Indigenous Fusion cookbook wins best book award

TORONTO – Cooking with the Wolfman: Indigenous Fusion, by David Wolfman and Marlene Finn won the Best Book of the Year category for Canada at the Gourmand World Cookbook Awards and will be competing internationally in the “Best in the World” competition.

The international winner of the “Best in the World” will be announced on May 26, 2018 at the annual Gourmand Awards Ceremony in Yantai, China.

In Cooking with the Wolfman Canadian Chef Wolfman (APTN food star and George Brown College instructor) and his partner Finn take on the culinary bisects of culture and food from a First Nations perspective.

Whether the topic is cooking utensils, curing fish, soup making, smoking game, or baking bread, each chapter explores the past and present use of foods native to the western hemisphere by indigenous peoples.

The food history and cooking traditions of First Nations, Metis, Inuit, Native Americans, Peruvians, Mexicans, and Central Americans are highlighted, showcasing diverse cultural practices and social customs that developed over thousands of years.
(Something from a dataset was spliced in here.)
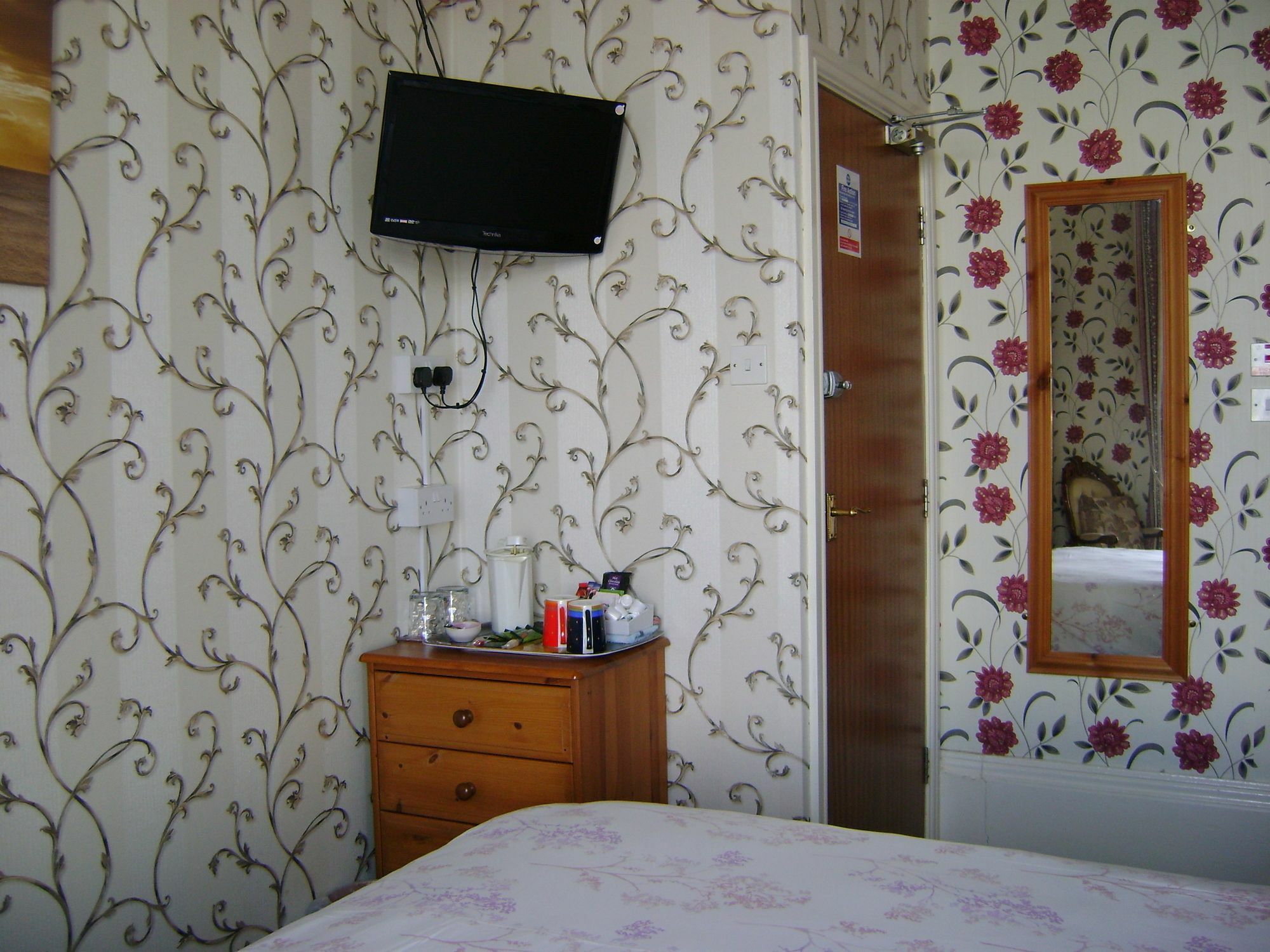 Hotel The Wharncliffe à Scarborough Extérieur photo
Recipes combine ingredients of the New World with those of the Old World, with a focus on contemporary cooking techniques, to illustrate how the use of Indigenous foods has changed throughout time, reflecting changes in hunting, fishing, and farming; diet; technology; health and safety standards; and consumer demand.

The addition of personal stories from Wolfman (member of the Xaxli’p First Nation of B.C.) and Finn (member of the Métis Nation of Ontario) round out the book, sharing insights on what it means to enjoy indigenous foods today.